Consider abortion, a hot topic that was included in the new study. Westen used the example of someone who is for abortion rights talking to someone with anti-abortion views to explain how to identify, address and empathize with someone's values to challenge beliefs.
The key is to identify the other person's values, even if they differ from your own.
"Words like 'reproductive health' sound like you're discounting their moral concerns and seeing this as just a medical issue. You don't want to come from a medical perspective," he said. "If you instead say, 'You know, I just don't like the idea of the government telling a woman or a couple when they should or shouldn't start their family.' ... Now you're activating two completely different neural networks than you've activated before: one about government interference in our private lives and the other about families."
He added, "it also makes this a man's issue and not just a woman's issue, so men feel, correctly, like they have skin in the game, too."

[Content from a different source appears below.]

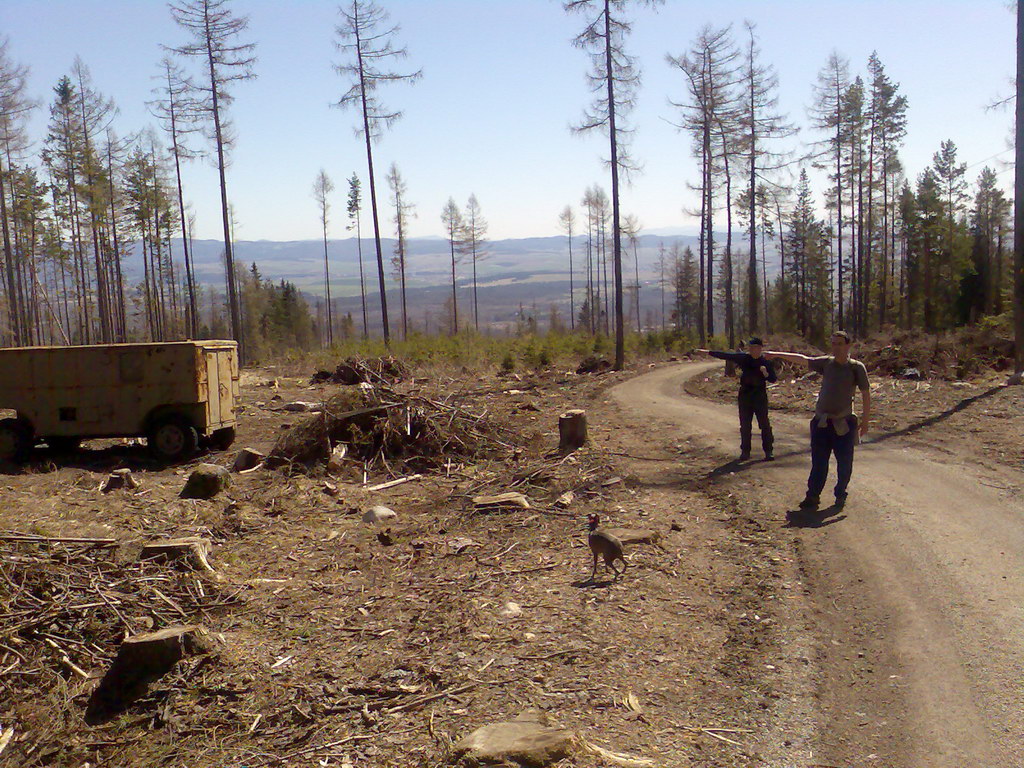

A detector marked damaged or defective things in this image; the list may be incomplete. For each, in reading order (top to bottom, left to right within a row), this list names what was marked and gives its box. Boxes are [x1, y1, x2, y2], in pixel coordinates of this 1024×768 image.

rusty metal container [0, 339, 237, 460]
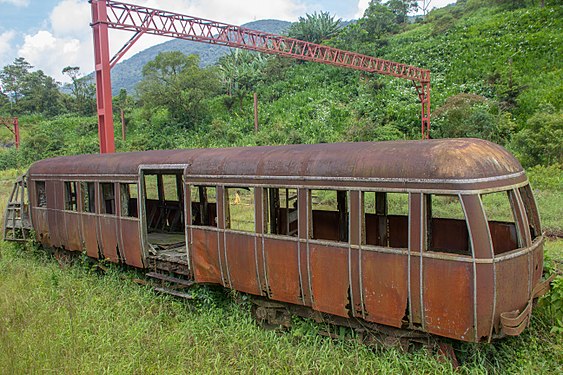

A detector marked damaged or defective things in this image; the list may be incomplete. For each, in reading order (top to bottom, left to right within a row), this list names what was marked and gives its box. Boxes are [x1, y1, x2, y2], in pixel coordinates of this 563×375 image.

If you want to end a conversation before it gets heated, simply agree to disagree, Daniel Post Senning, an etiquette expert from the Emily Post Institute, said in November.
"You are also not obligated to have these conversations," Senning said. "If you are willing to cede the last word or acknowledge that your opinions may differ, it's very hard to argue with that."
Now that neuroscientists better understand how the brain responds emotionally to political beliefs, it's equally important to study what happens in the brain when you might be persuaded to change your beliefs, Kaplan said.
"While it makes sense to defend the beliefs that are important to us, it's also crucial that we are able to change them when it's appropriate to do so," he said.
This would be a really boring place if we all just agreed to disagree.